__EXERCISE INSTRUCTIONS__. Beginning with the line that holds "FECAFO Sorry Can't", copy each line exactly through the end of the entries, but leave the pictures out.
START EXERCISE MATERIAL
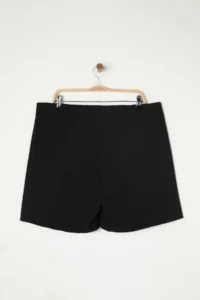 Trendyol Curve Black with bow Plus Size Weaving Shorts Skirt - Image 9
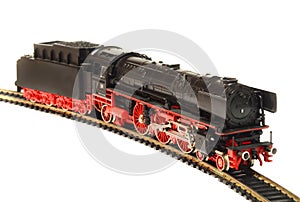 Steam loco model isolated over white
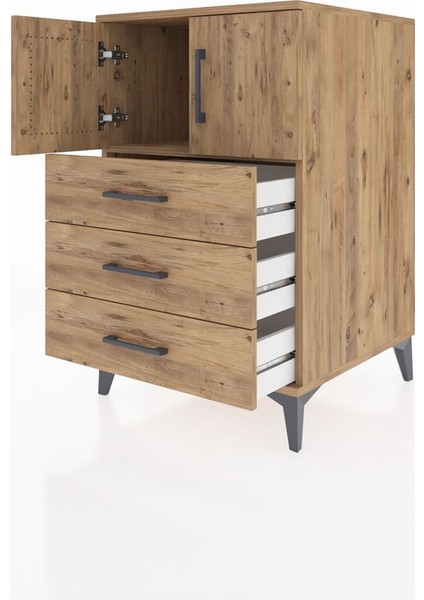 Kronos Komodin Tek Raflı 3 Çekmeceli 2 Kapaklı 60X59X96 Çam-Çam fırsatları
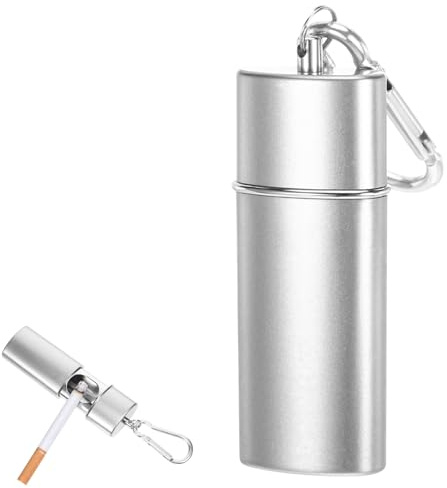 Cendrier de poche pour les déplacements, anti-odeurs, en acier inoxydable, avec couvercle, coulissant, 12,5 x 1 cm, argenté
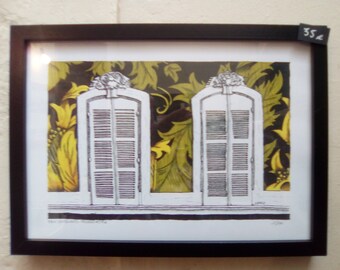 Framed drawing "False Sequence" series 30x40cm, Poster, ready to hang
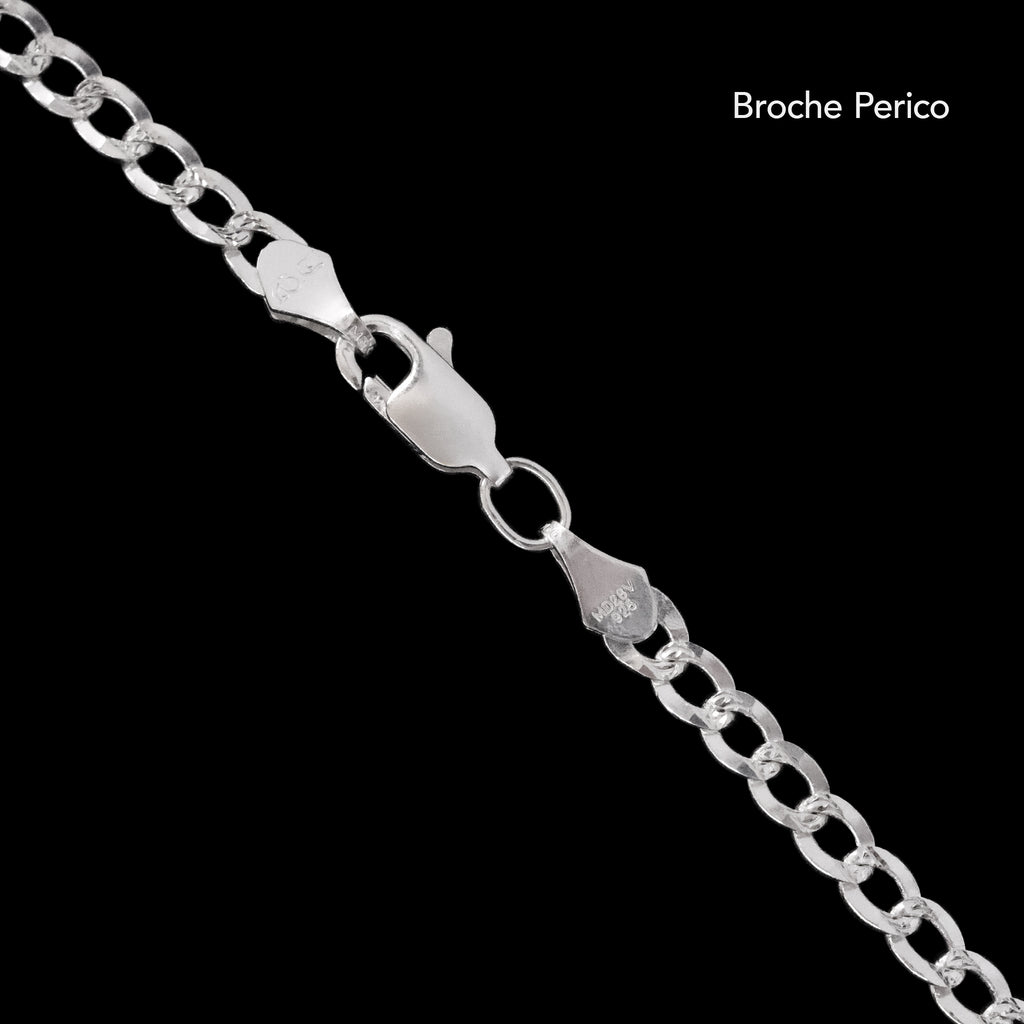 Pulsera Curb Zegrinada 3mm Plata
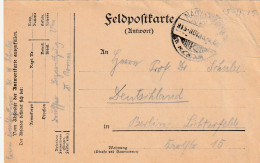 4935 21 Feldpostkarte 26-09-1915 Magdeburg- Berlin. Absender Dr Schulze, Krankenpfleger Lazarettzug Vau. - Guerre 1914-18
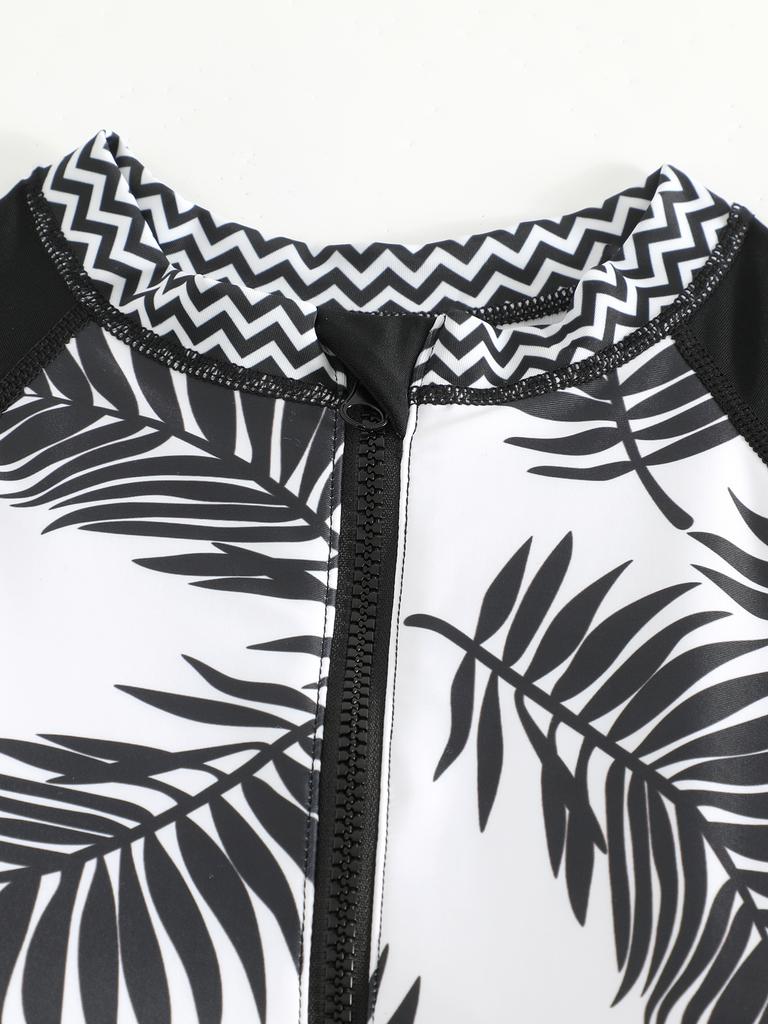 Women's Swimsuit Long Sleeve Surfing Suit Zipper Style Swimsuit One-piece Swimsuit  Printed  Bikini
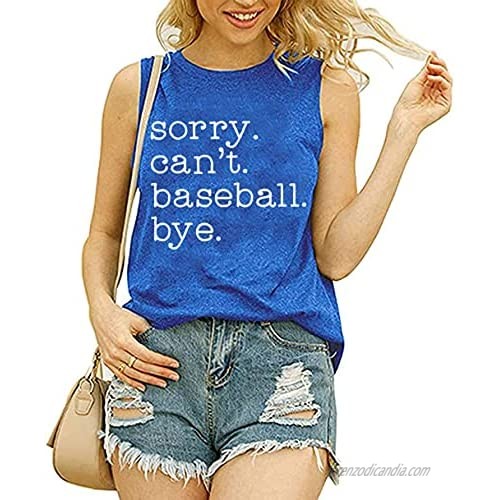 FECAFO Sorry Can't Baseball Bye Casual Tank Tops Women Funny Baseball Tanks Summer Sleeveless Graphic Sports Tee Shirts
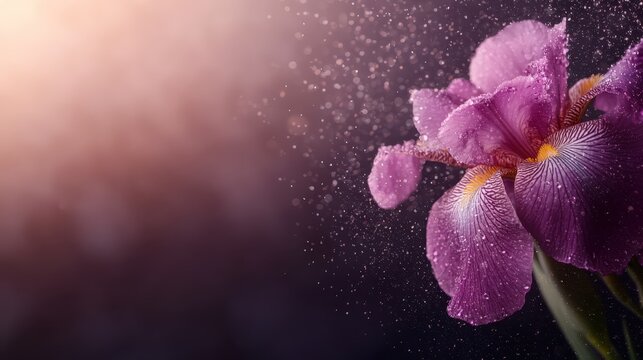 A stunning close-up of a vibrant purple iris flower, delicately adorned with shimmering dew drops, capturing the essence of nature's beauty and elegance in a serene atmosphere. - Powered by Adobe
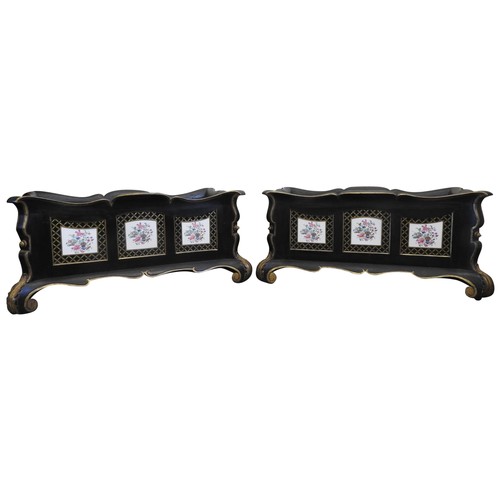 50 - A PAIR OF 19TH CENTURY EBONISED JARDINIERES INSET WITH FAMILLE ROSE PANELS, elegant gilded scroll ed... 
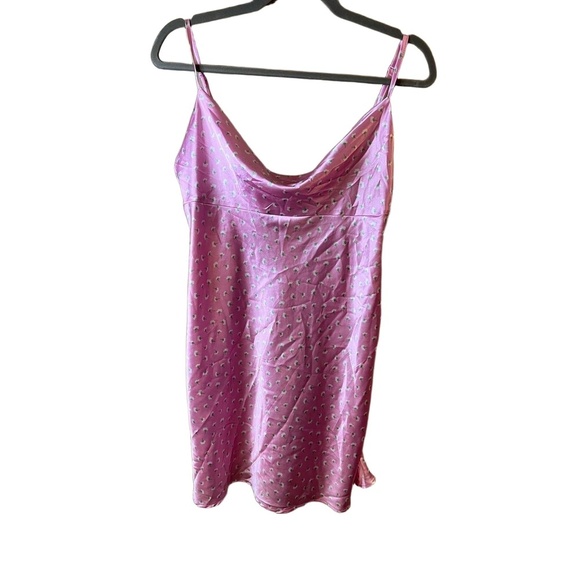Zara Satin Floral Pink Slip Dress Adjustable Straps Size Medium - Picture 6 of 10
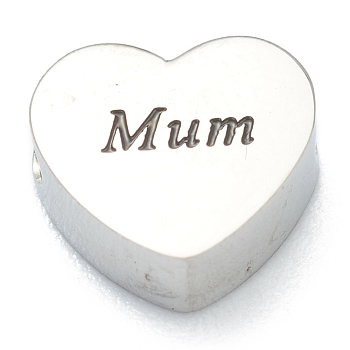 304 Stainless Steel Beads, Heart with Word Mum, for Mother's Day, Stainless Steel Color, 7x8x3mm, Hole: 2mm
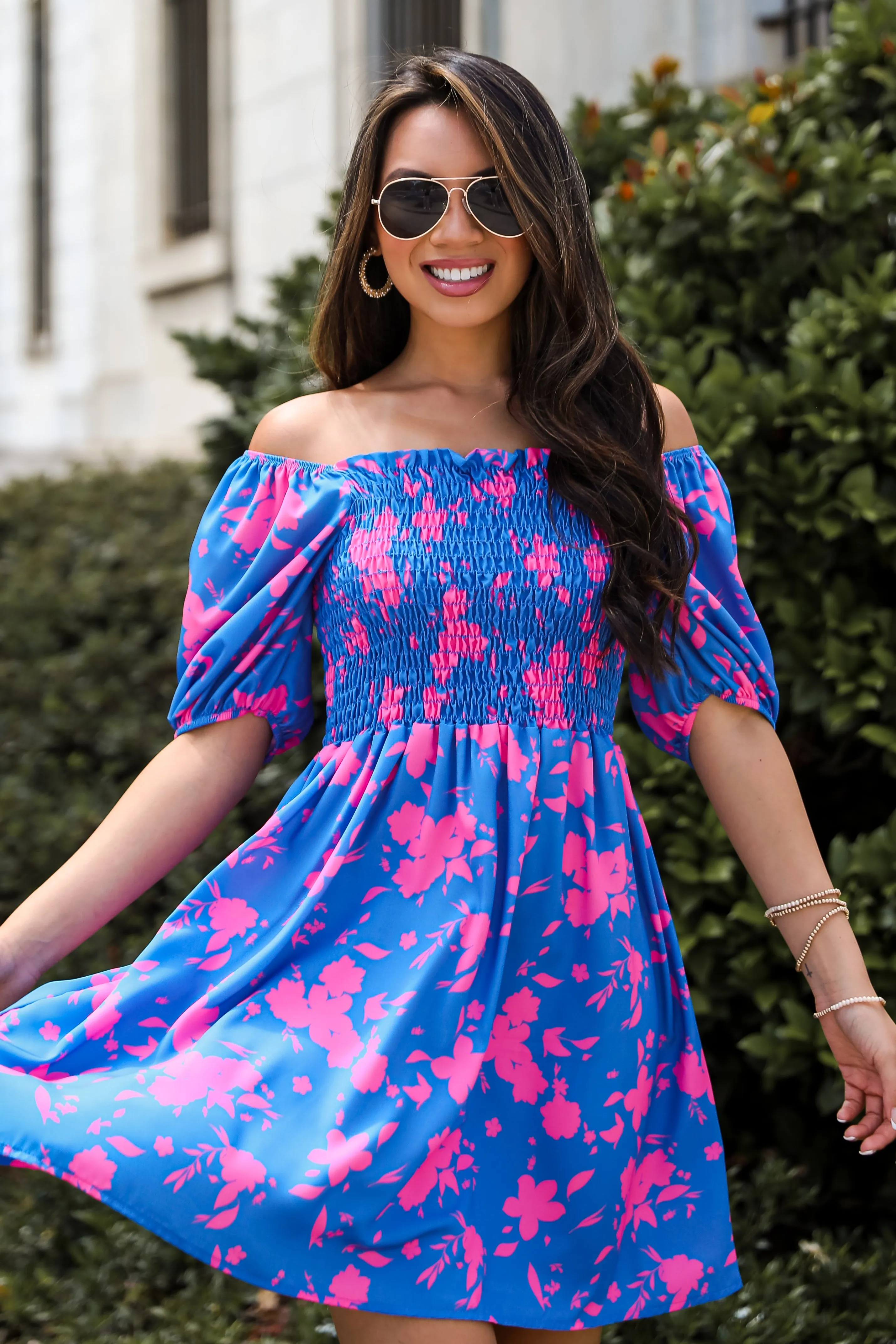 FINAL SALE - Sweetly Vibing Blue Floral Mini Dress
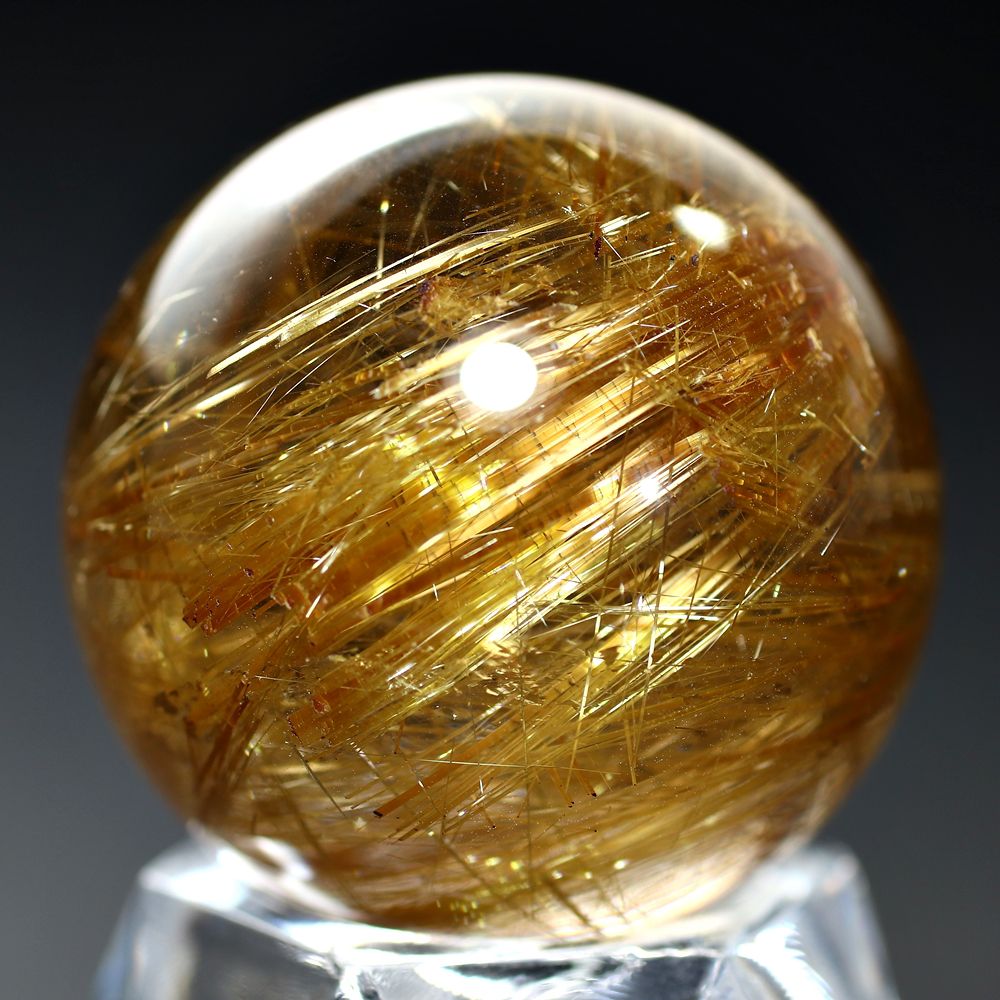 高品質]ブラジル産ゴールドルチルクォーツ丸玉/スフィア（直径29.5mm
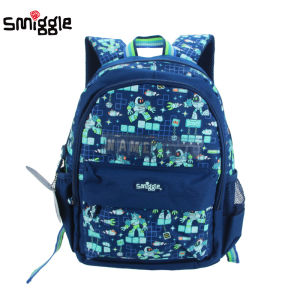 Australia smiggle original childrens schoolbag boys Deep Blue Robot modeling cool backpack Kids Name bag Comes with letter card
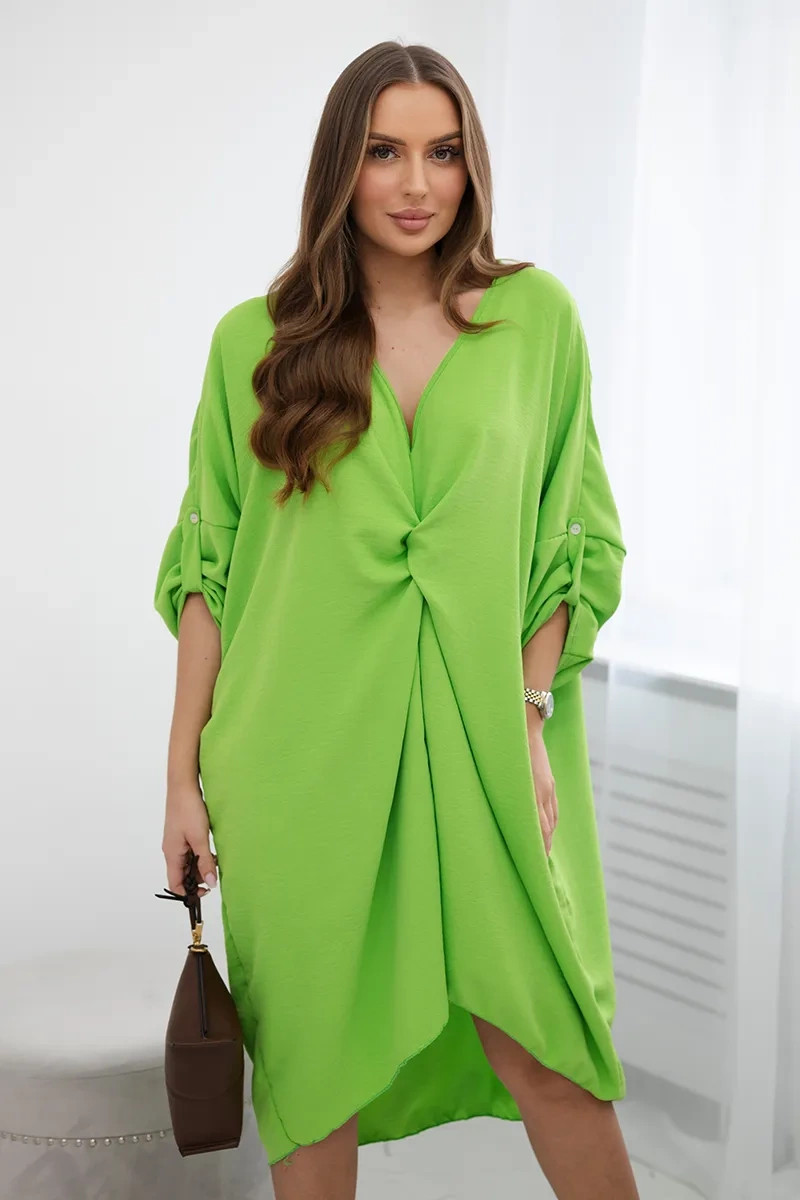 Oversize šaty s výstřihem do V jasně zelená UNI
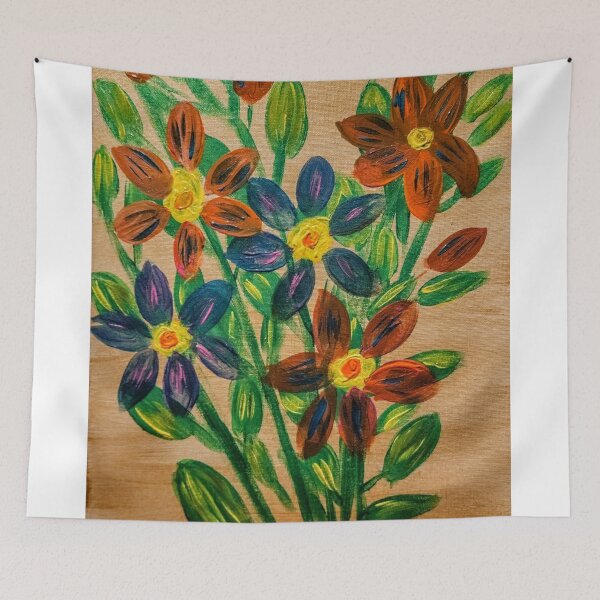 Item preview, Abstract flowers in metallic paint and painted on a gold background. designed and sold by kkartwork.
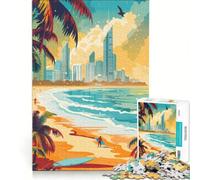 Rompecabezas para Adultos de 1000 Piezas Paraíso de la Costa Dorada, Juego de ingenio, dificultad Alta, cumpleaños y Navidad 38x26cm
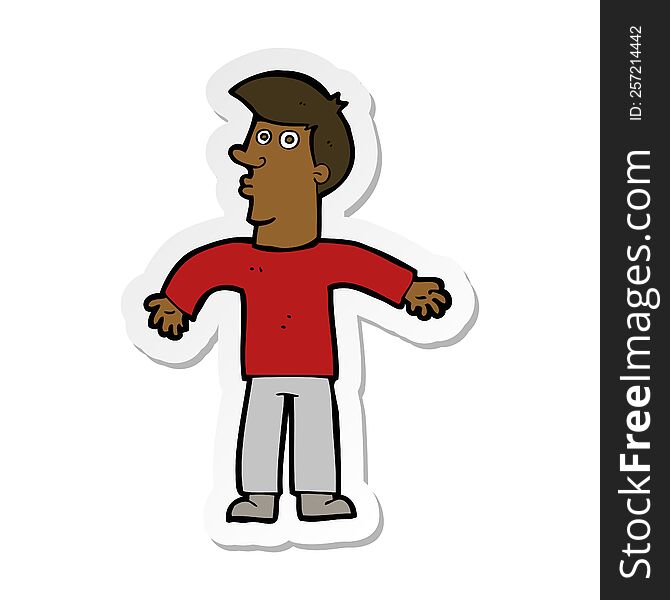 Sticker Of A Cartoon Man Shrugging Shoulders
END EXERCISE MATERIAL
__ANSWER FOR THE TASK__.
 FECAFO Sorry Can't Baseball Bye Casual Tank Tops Women Funny Baseball Tanks Summer Sleeveless Graphic Sports Tee Shirts
 A stunning close-up of a vibrant purple iris flower, delicately adorned with shimmering dew drops, capturing the essence of nature's beauty and elegance in a serene atmosphere. - Powered by Adobe
 50 - A PAIR OF 19TH CENTURY EBONISED JARDINIERES INSET WITH FAMILLE ROSE PANELS, elegant gilded scroll ed... 
Zara Satin Floral Pink Slip Dress Adjustable Straps Size Medium - Picture 6 of 10
 304 Stainless Steel Beads, Heart with Word Mum, for Mother's Day, Stainless Steel Color, 7x8x3mm, Hole: 2mm
 FINAL SALE - Sweetly Vibing Blue Floral Mini Dress
 高品質]ブラジル産ゴールドルチルクォーツ丸玉/スフィア（直径29.5mm
 Australia smiggle original childrens schoolbag boys Deep Blue Robot modeling cool backpack Kids Name bag Comes with letter card
 Oversize šaty s výstřihem do V jasně zelená UNI
 Item preview, Abstract flowers in metallic paint and painted on a gold background. designed and sold by kkartwork.
 Rompecabezas para Adultos de 1000 Piezas Paraíso de la Costa Dorada, Juego de ingenio, dificultad Alta, cumpleaños y Navidad 38x26cm
 Sticker Of A Cartoon Man Shrugging Shoulders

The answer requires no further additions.